Walter also said he has witnessed the demand for quick-turn prototypes so much so that last year the company built out a dedicated prototype and development department equipped with CNC turning, CNC milling, and EDM capabilities.
“Due to unprecedented growth, particularly for the medical market, we have expanded our manufacturing campus in Farmingdale, New York, by adding a fourth building,” Walter said. “We’ve added 20 more CNC machines for various operations, including milling, turning, and gear cutting. We’ve also added CMM, optical vision systems, and an expanded state-of-the-art assembly department, including a 10k cleanroom.”
Another company that is following the trend of a growing demand for high-quality products in the medical industry is Bison Gear and Engineering Corporation.

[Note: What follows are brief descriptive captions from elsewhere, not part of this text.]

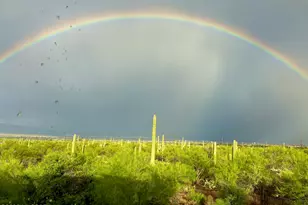 4620 W Sweetwater Dr, Tucson, AZ 85745 - Photo 1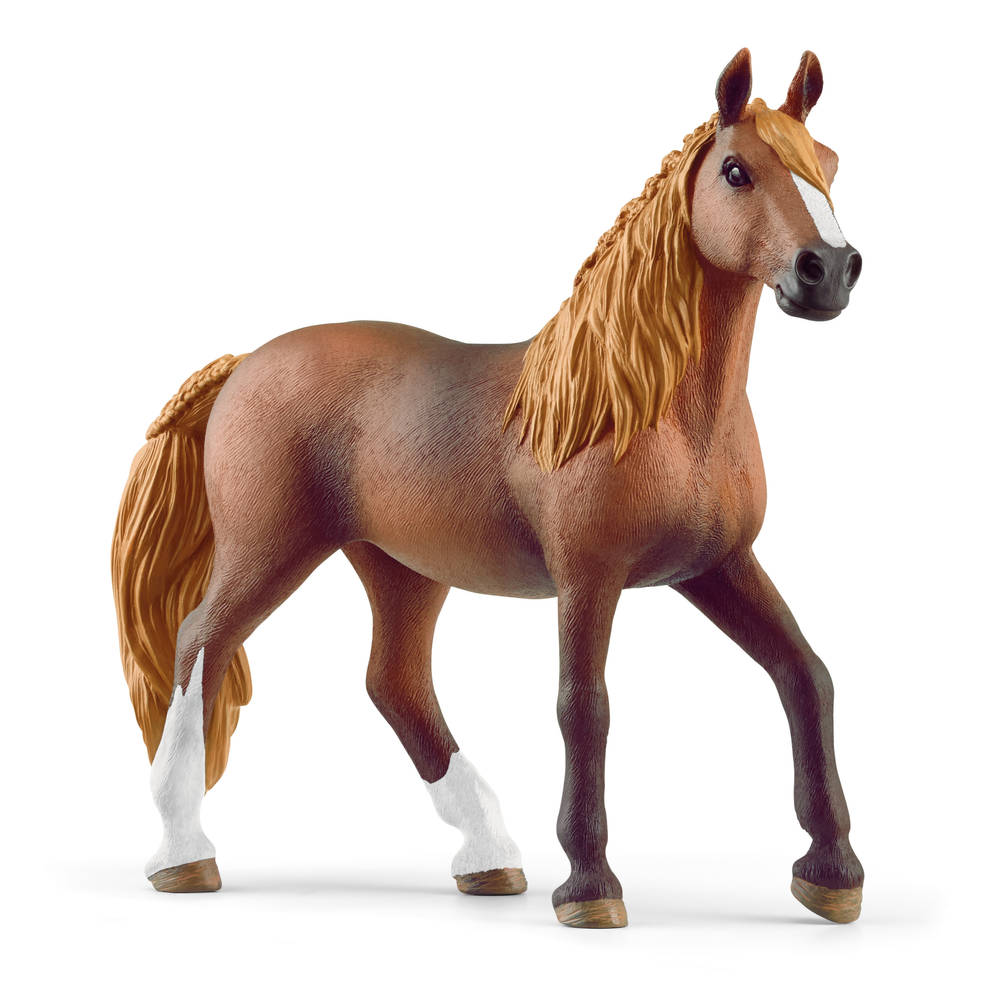 Schleich Horses 42738 - Paso Peruano starterset - België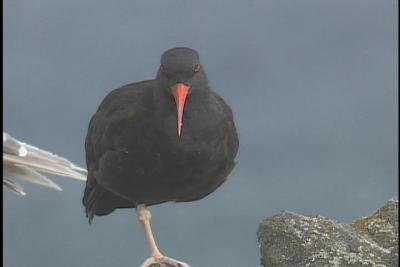 Black Oystercatcher - 2004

Founded in 1960, Bison was acquired by the father-and-son team of Norman and Ronald Bullock in 1987. Since that transition, the company has opened to the global market, its product line has expanded, and a research and development center has opened. It has also made a name for itself as a leading supplier of medical products that are designed and built to exceed federal and industry guidelines for equipment such as wheelchairs, mobility scooters, and medical and dental chairs as well as laboratory equipment such as medical equipment conveyors, mixers, sterilization equipment, and surgical pumps.
According to Martin Swarbrick, the president and CEO of Bison Gear and Engineering, his company has recognized one big trend in the medical field and gear manufacturing.
“The medical industry will continue to grow and become more of an important market for us,” Swarbrick said. “The baby boomers are reaching a point where they are transitioning into an increased dependence on medical care and support. That means there is a huge number of people who are looking for possible solutions in mobility to make their daily life generally easier. Bison is providing these solutions for automated medical beds, motorized wheelchairs, and lift units by providing reliable and low-maintenance gearmotors.”
According to Swarbrick, the majority of what Bison does pertains to custom designs or modifications of standard products.
“Our engineering and sales teams work closely with system designers and engineers to provide solutions that ensure customer satisfaction from the equipment designer to the end user,” Swarbrick said. “For instance, our 100 or 200 Series DC Parallel Shaft Gearmotors fit in well within this space due to their torque, horsepower, and speed ranges. Additionally, our new PowerSTAR hypoid right-angle gearmotors are being specified into vertical lifts that help users complete everyday tasks, such as getting in or out of an automobile.”
While the medical industry adapts to support an aging demographic, gear manufacturers will continue innovating solutions to meet the demand for high-quality precision parts.